(AVAILABLE DATA Opens)

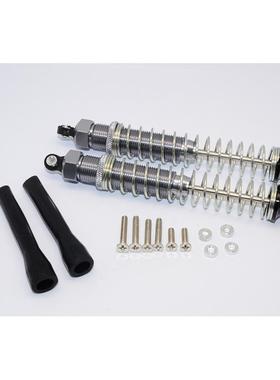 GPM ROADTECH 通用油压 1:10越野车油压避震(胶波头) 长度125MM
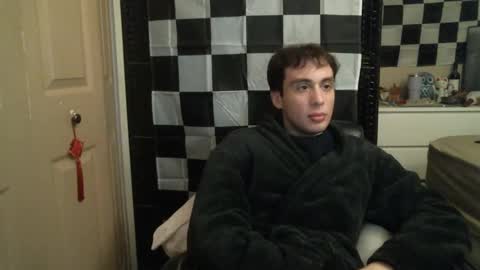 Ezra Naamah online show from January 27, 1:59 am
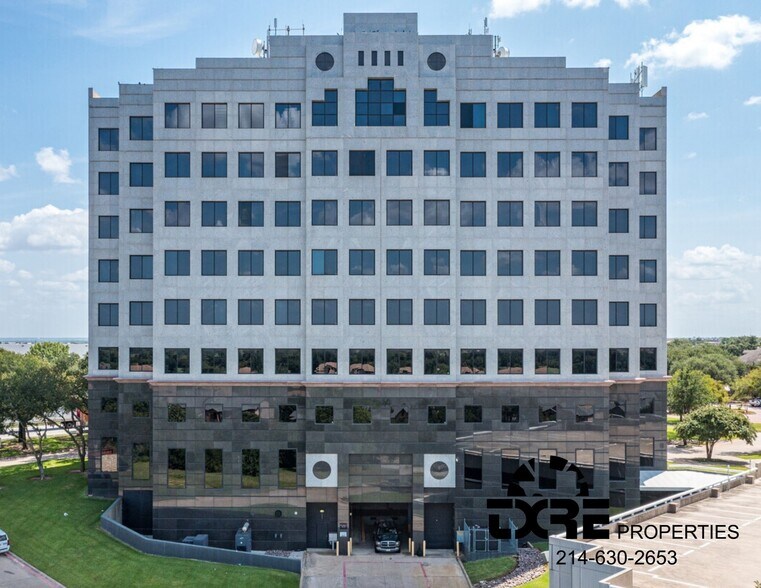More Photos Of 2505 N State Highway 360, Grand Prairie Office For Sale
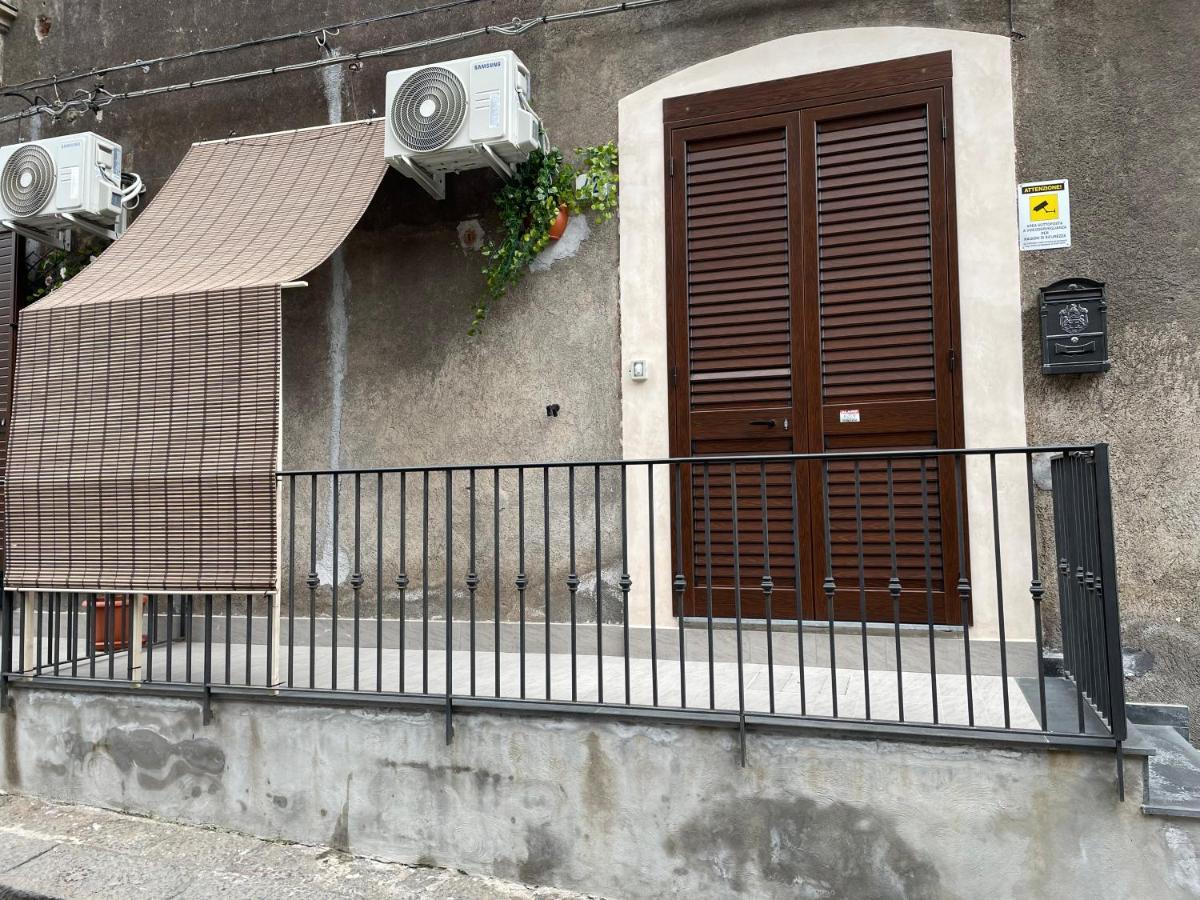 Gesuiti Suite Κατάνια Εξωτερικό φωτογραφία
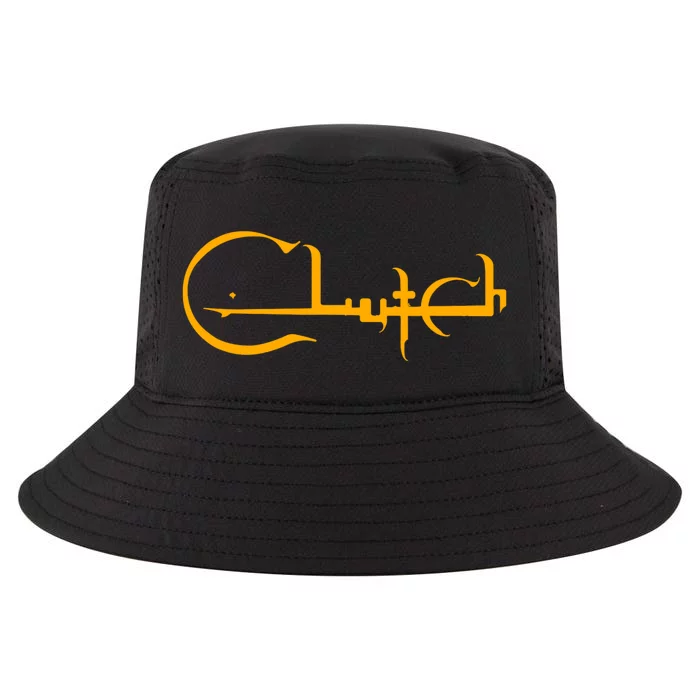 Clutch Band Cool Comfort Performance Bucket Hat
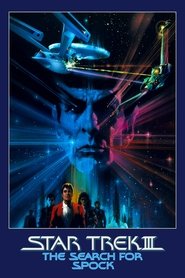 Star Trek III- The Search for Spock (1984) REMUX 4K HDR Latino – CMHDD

(AVAILABLE DATA Closes)

* TASK PROMPT: With every picture omitted, write out the material exactly from its first line through the line containing "Clutch Band Cool".

* TASK RESULT:
 GPM ROADTECH 通用油压 1:10越野车油压避震(胶波头) 长度125MM
 Ezra Naamah online show from January 27, 1:59 am
More Photos Of 2505 N State Highway 360, Grand Prairie Office For Sale
 Gesuiti Suite Κατάνια Εξωτερικό φωτογραφία
 Clutch Band Cool Comfort Performance Bucket Hat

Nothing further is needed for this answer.